*** Supplied data ***
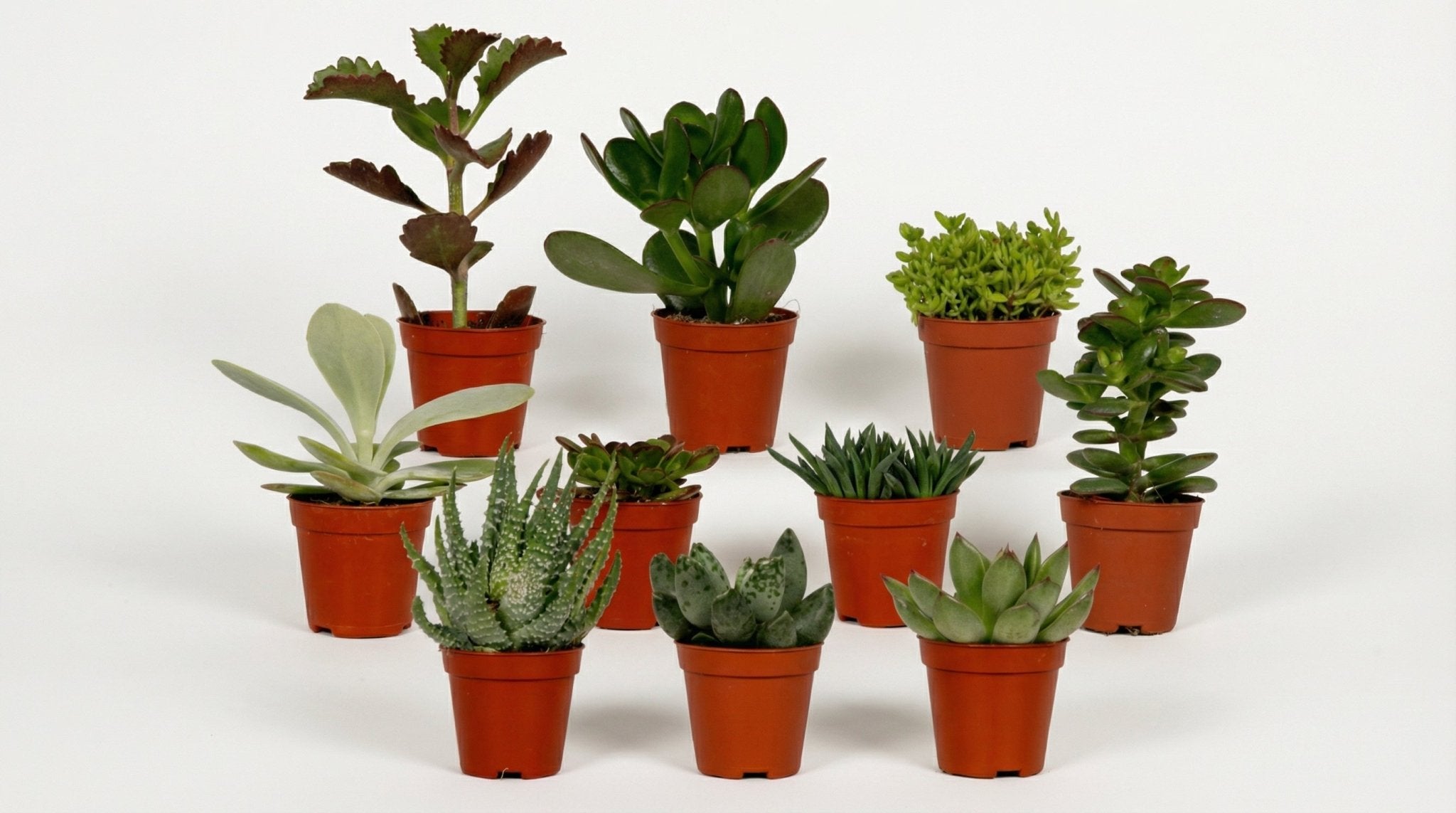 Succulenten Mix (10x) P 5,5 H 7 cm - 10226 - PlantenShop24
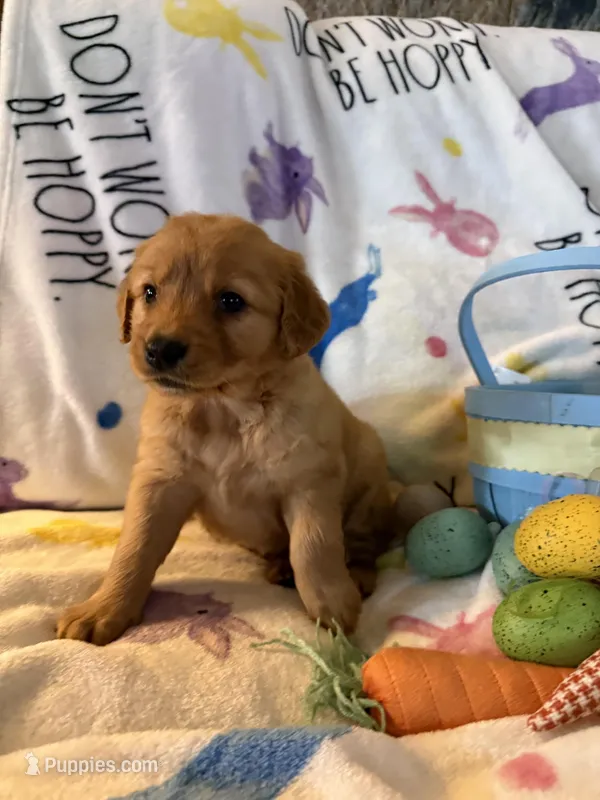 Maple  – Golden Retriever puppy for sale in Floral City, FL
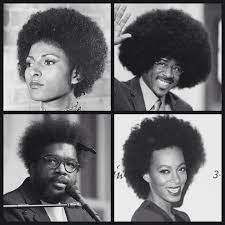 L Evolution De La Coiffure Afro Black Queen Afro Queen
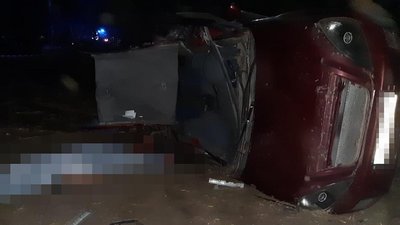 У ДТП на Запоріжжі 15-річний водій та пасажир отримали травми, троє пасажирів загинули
***
* [Problem] The line containing "L Evolution De" marks the start: set down exactly that line and every line after it through the last line of the data, without any pictures.

* [Result]
 L Evolution De La Coiffure Afro Black Queen Afro Queen
 У ДТП на Запоріжжі 15-річний водій та пасажир отримали травми, троє пасажирів загинули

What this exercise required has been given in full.